TATVAN’da 28 Şubat ve Ergenekon Protestosu
Özgür-Der Tatvan Şubesi, 28 Şubat'ın yıldönümününü Kürtçe ve Türkçe sloganlarla kınadılar. Tatvan'da Merkez PTT önünde toplanan Özgür- Der üye ve gönüldaşları yoğun kar yağışına rağmen darbeleri ve Ergenekon çetesini protesto ettiler.
Eylemde basın açıklamasını Özgür-Der Tatvan Şubesi'nden İbrahim Aykan ve Ersin Sönmezler okudu.
"Darbecilere Çetecilere Geçit Yok, Darbeciler Yenilecek, İslami Direniş Kazanacak, Uyan Diren Özgürleş, İslami Hareket Engellenemez, Başörtüsüne Özgürlük, Şiyar Be Berxwe De Azad Be, Hember Zalıman Be Deng Neminın, Zulme Karşı Diren, Darbeciler Yargılansın" vb. dövizlerin taşındığı basın açıklaması, tekbirler ve sloganlarla devam etti. Basın açıklamasını ilk olarak Yönetim Kurulu Üyesi İbrahim Aykan, ardından Yönetim Kurulu Üyesi Ersin Sönmezler okudu.
Yönetim Kurulu Üyesi Ersin Sönmezler'in okuduğu basın açıklaması metni:
28 ŞUBAT RUHU HALEN YAŞIYOR
28 Şubat 1997de yapılan postmodern darbe, bir ilk değildir; zalimlerin, iktidarlarını sürdürmek için, zora, sopaya başvurma geleneğinin devamıdır, zulüm zincirinin bir halkasıdır. Bu yönüyle 27 Mayıs, 12 Mart ve 12 Eylül darbelerinin bir sonucudur.
İslam'ın ve Müslümanların öncelikli hedef olarak seçilip, topyekûn savaş çığlıklarıyla saldırıya uğradığı bu süreçte, sadece İslami faaliyetler ve İslami duyarlılık sahibi kesimler değil, halkın tamamı terörize edilmiş, sindirilmiş ve tepkisiz kılınarak, ekonomik kaynakları vahşice soyulmuştur.
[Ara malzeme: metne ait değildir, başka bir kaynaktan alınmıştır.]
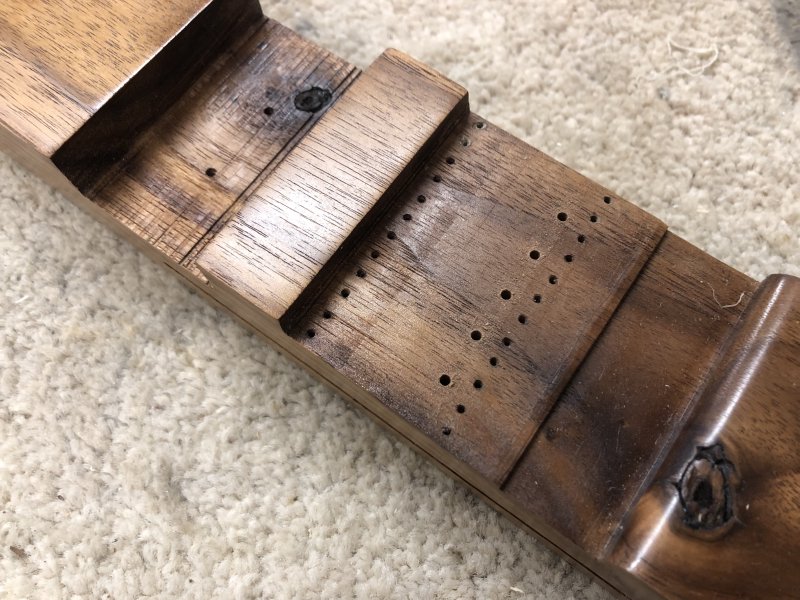 The same bit of guitar, where you can see 24 tiny screw holes that held the original bridge part, and five larger holes in a row for the new bridge.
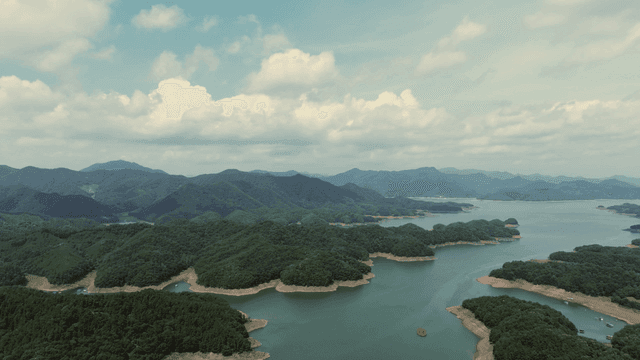 Vast lake surrounded by lush mountains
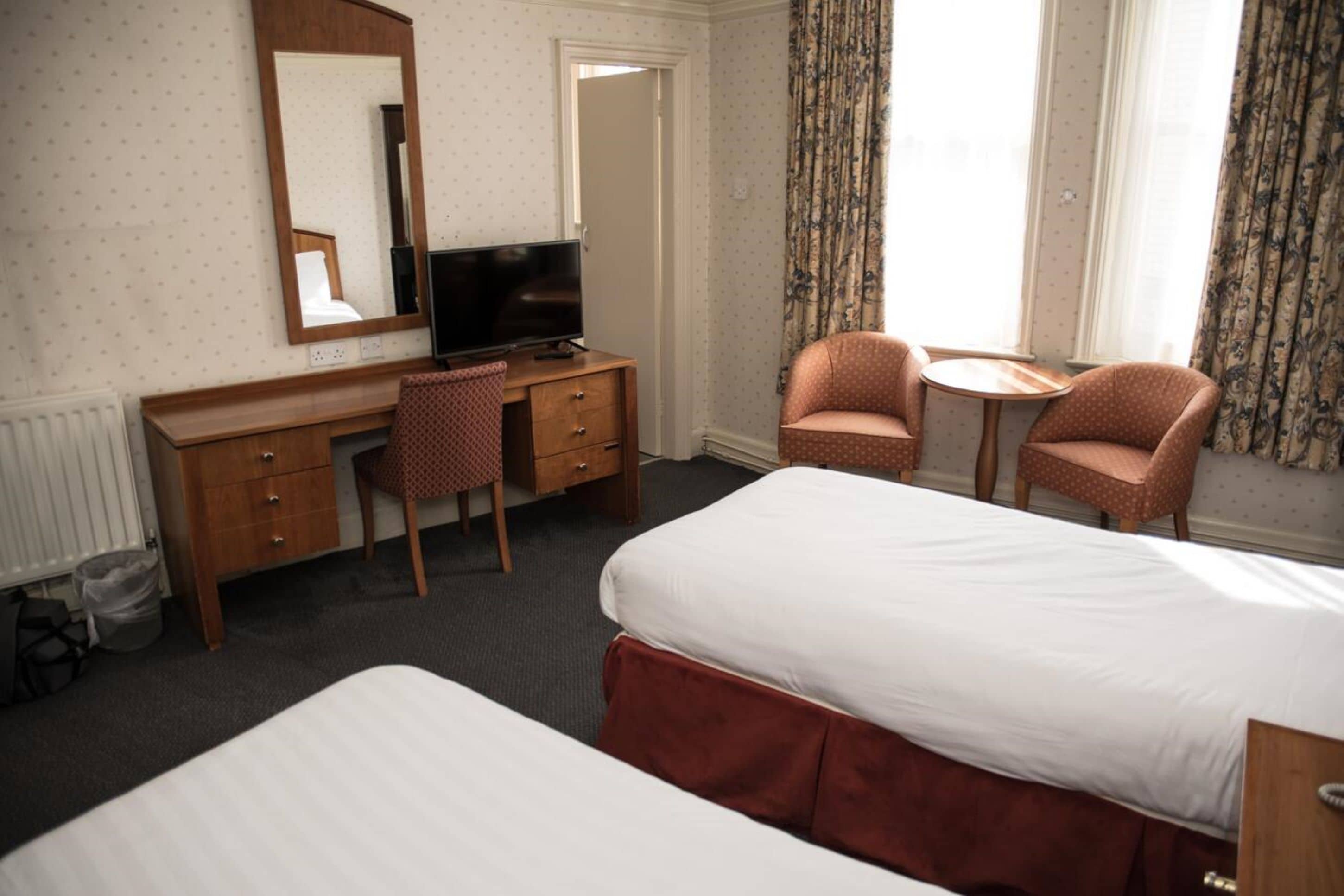 Ett hotellrum med en säng, ett skrivbord med en tv, två fåtöljer och ett litet bord.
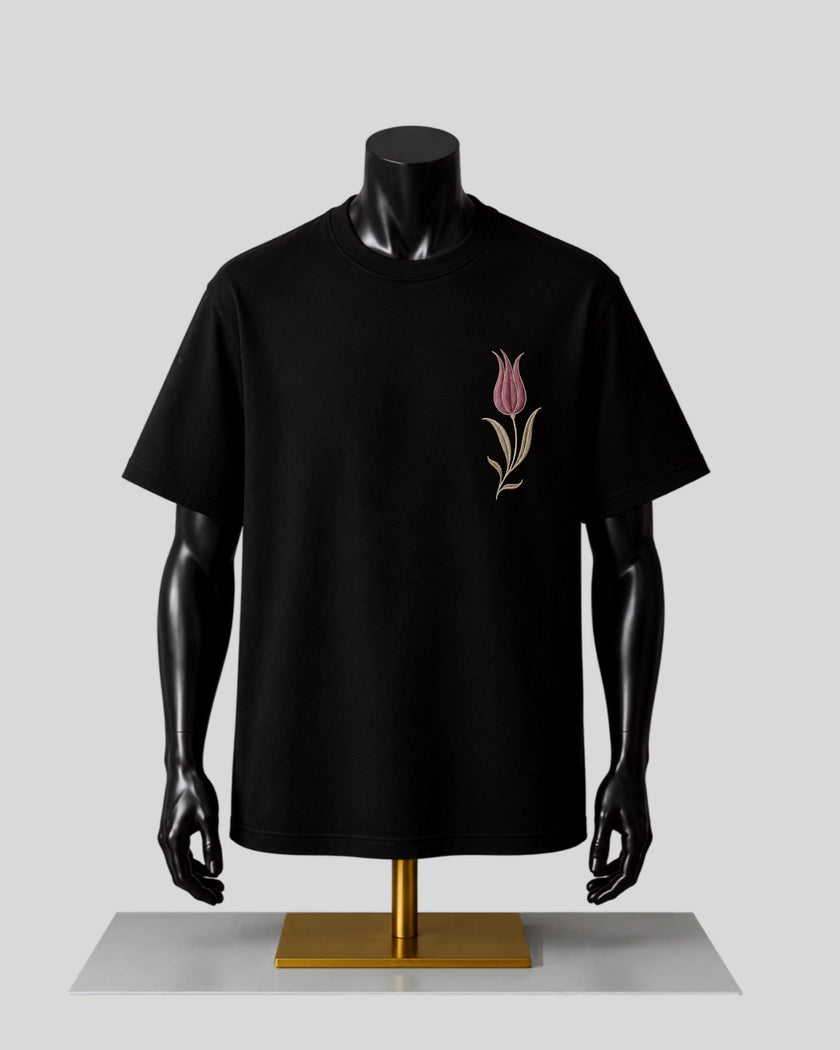 A black short-sleeve crewneck T-shirt displayed on a black mannequin torso with arms, featuring a small embroidered pink tulip on the left chest, set against a light gray background.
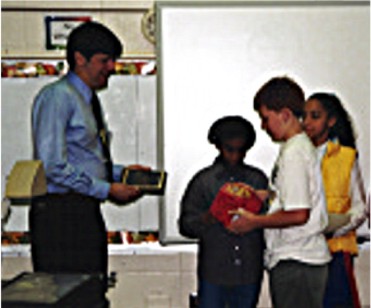 RSC Team Members present a plaque and gift to Mr. Adamo.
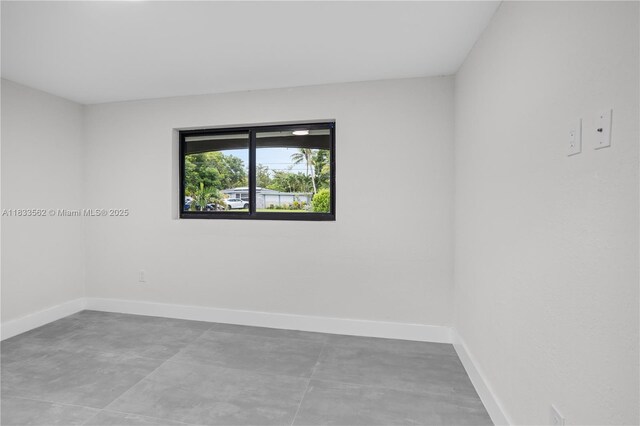 4879 NW 2nd Ct, Plantation, FL 33317 - empty room featuring baseboards and concrete flooring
28 Şubat ile birlikte insan hakları ihlalleri had safhaya ulaşmış, özellikle Müslümanlara yönelik baskılar artmış, imam hatipler kapatılmış, Kur'an Kursları engellenmiş, başörtüsü yasakçılığı şiddetle teşvik edilmiş, inançlı subaylar ordudan atılmış, inançlı memurlar fişlenerek takibata uğramış ve sürgünlere gönderilmiştir,
Halkın oyuyla seçilmiş iktidar, halka rağmen iktidardan uzaklaştırılmış, birçok mensubu siyasi yasaklı hale getirilmiş, siyasi partiler kapatılmış, birçok Müslüman aydın, düşüncelerinden dolayı cezalandırılarak, yıllarca cezaevlerinde haksız olarak yatmışlardır. İslami duyarlılıkları olan gazeteler, dergiler yasaklanmış hatta okuyucuları bile ağır soruşturma ve baskılar görmüşlerdir. Birçok İslami dernek ve vakıf kapatılmış,
Müslümanların inançları gereği olan, kılık kıyafetlerine müdahale edilmiştir. Laiklik ideolojisi Müslüman halka zorla benimsetilmeye çalışılmış, düşünce ve ifade özgürlüğü yasaklanmış, mazlum halkın mali kaynakları talan edilmiş, işsizlik ve yoksulluk artmış, bankaların içi boşaltılmış ve tüm bunların sonucunda, 2001 yılında Türkiye halkına, tarihinin en büyük ekonomik krizi yaşatılmıştır. Kısaca ülke açık cezaevlerine dönüştürülerek, tam bir terör havası estirilmiştir.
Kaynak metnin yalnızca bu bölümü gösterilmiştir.